Chorbane Permit — Onshore Tunisia
The Chorbane permit is located in central Tunisia and covers an area of 2,428 km2. The permit is surrounded by several producing oil fields and extensive oil & gas infrastructure. Gulfsands’ forward work commitment for the Chorbane permit includes the drilling of one exploration well in the first quarter of 2011 for which Gulfsands will pay 80% of the first $5 million in drilling costs, and 40% of the drilling costs in excess of $5 million, so as to earn a 40% interest in the permit.
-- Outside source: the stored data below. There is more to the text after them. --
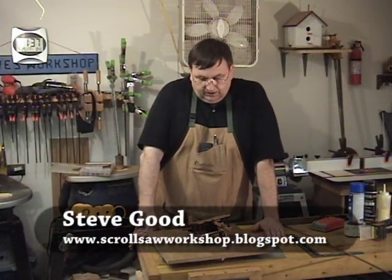Hi guys, I'm Steve Good. Welcome to My Scroll Saw Workshop. I'm going to post a pattern on my blog here in just a few minutes at www.scrollsawworkshop.blogspot.com.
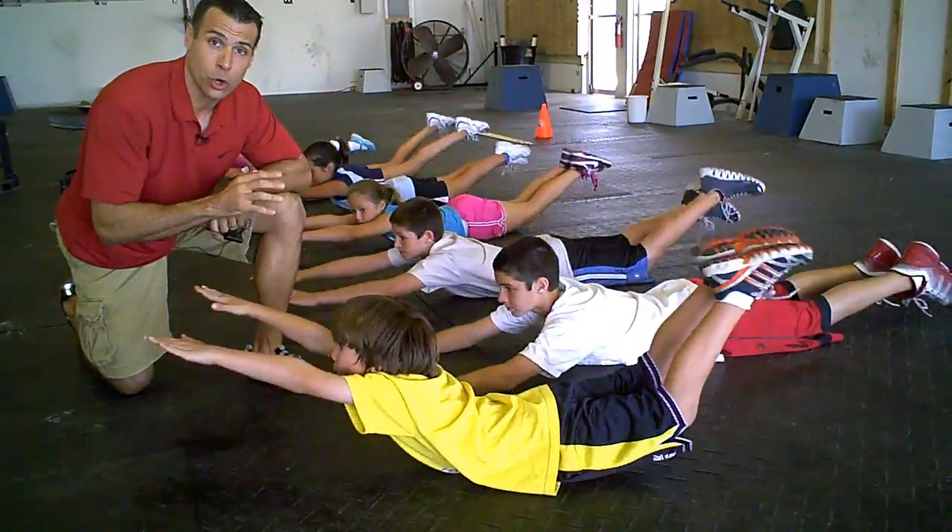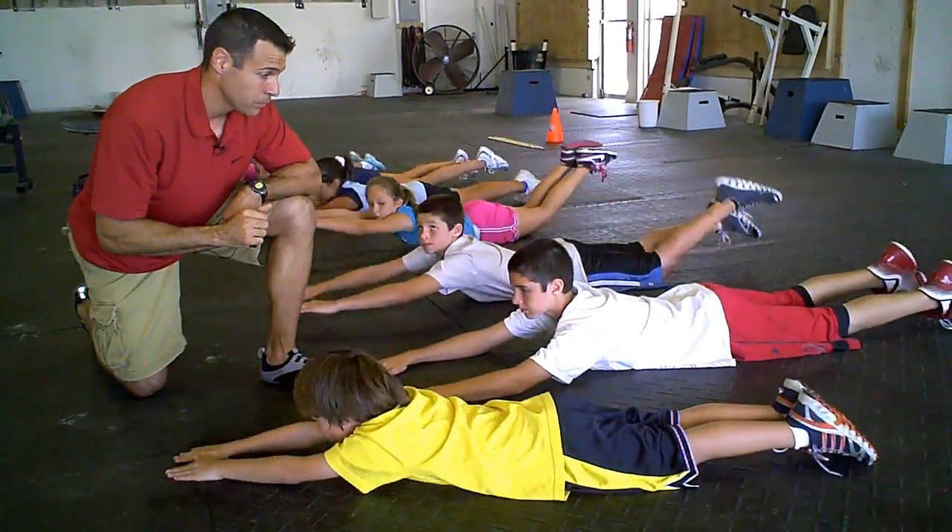Good. Lots of core strength and trunk strength development. Super job.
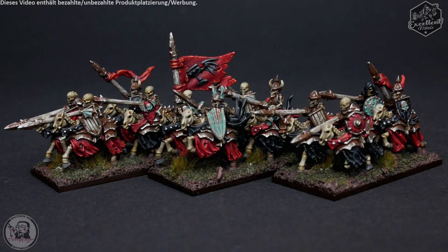Hallo und herzlich willkommen zu diesem 10mm Vampirfürsten schwarzer Ritter Tutorial für Excellent Miniatures. Ich zeige euch hier Schritt für Schritt, wie ich vom schwarz grundierten Modell zum fertig bemalten Modell komme. Mit viel Rost, mit verschlissenen Kleidungsstücken und einem Hauch von kontrastreichem Farbschema in dem klassischen Vampirfürsten von Karstein Schwarz-Rot.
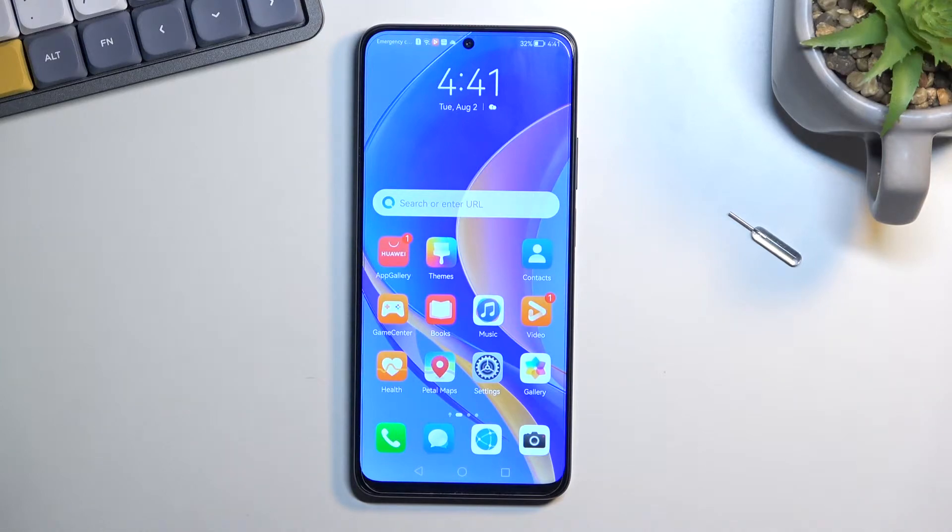Welcome. This is a Huawei Nova Y90 and today I will show you how you can boot this device into recovery mode.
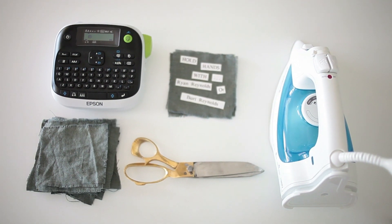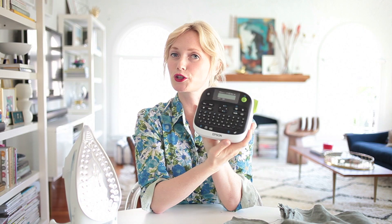They're really easy — all you need is some leftover fabric, scissors, an Epson printer with an iron-on cartridge, and an iron. Boom. It's super easy, super cheap, and super fast.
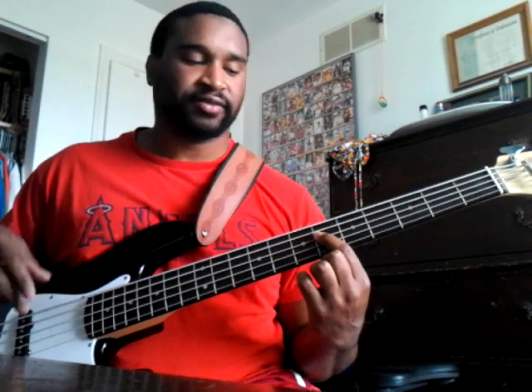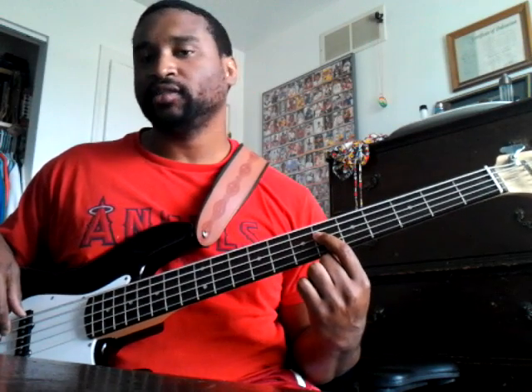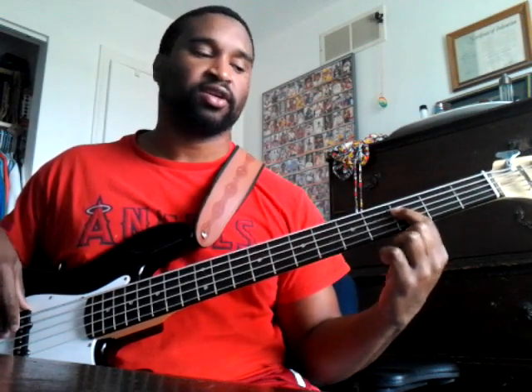Now you just play that same bass line: one, six, four, five, one. When they get to the bridge — 'God my Savior, God my deliverer, every praise' — you still play the same pattern. One: 'God.' Six: 'God my healer.' Go to the four: 'God my Savior.' Then go to the two, which is F — 'every praise' — then hit C sharp — 'every praise.' Here's how it sounds.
A number of prospects and leads have been indentified within the permit, the most prospective being a large tilted horst block (“Sidi Daher”) where the operator has identified multiple potential targets estimated to hold recoverable mean un-risked prospective resources of 175 billion cubic feet of gas (“bcfg”) and 44 million barrels of oil from Tertiary and Cretaceous aged reservoirs.
Iraq
Gulfsands signed a Memorandum of Understanding in January 2005 with the Ministry of Oil in Iraq for the Maysan Gas Project in Southern Iraq, following completion of a feasibility study on the project, and is negotiating details of a definitive contract for this regionally important development. The project will gather, process and transmit natural gas that is currently a waste by-product of oil production and as a result of the present practice of gas flaring, contributes to significant environmental damage in the region. The Company is actively engaged in discussions with respect to financing and potential equity partners. Gulfsands has no reserves in Iraq.
Gulf of Mexico, USA
The Company owns interests in 32 leases offshore Texas and Louisiana, which include 20 producing oil and gas fields with proved and probable working interest reserves at 31 December 2009 of 3.4 mmboe (figures adjusted for the disposal of non-core properties in December 2010).
Certain statements included herein constitute “forward-looking statements” within the meaning of applicable securities legislation. These forward-looking statements are based on certain assumptions made by Gulfsands and as such are not a guarantee of future performance. Actual results could differ materially from those expressed or implied in such forward-looking statements due to factors such as general economic and market conditions, increased costs of production or a decline in oil and gas prices. Gulfsands is under no obligation to update or revise any forward-looking statements, whether as a result of new information, future events or otherwise, except as required by applicable laws.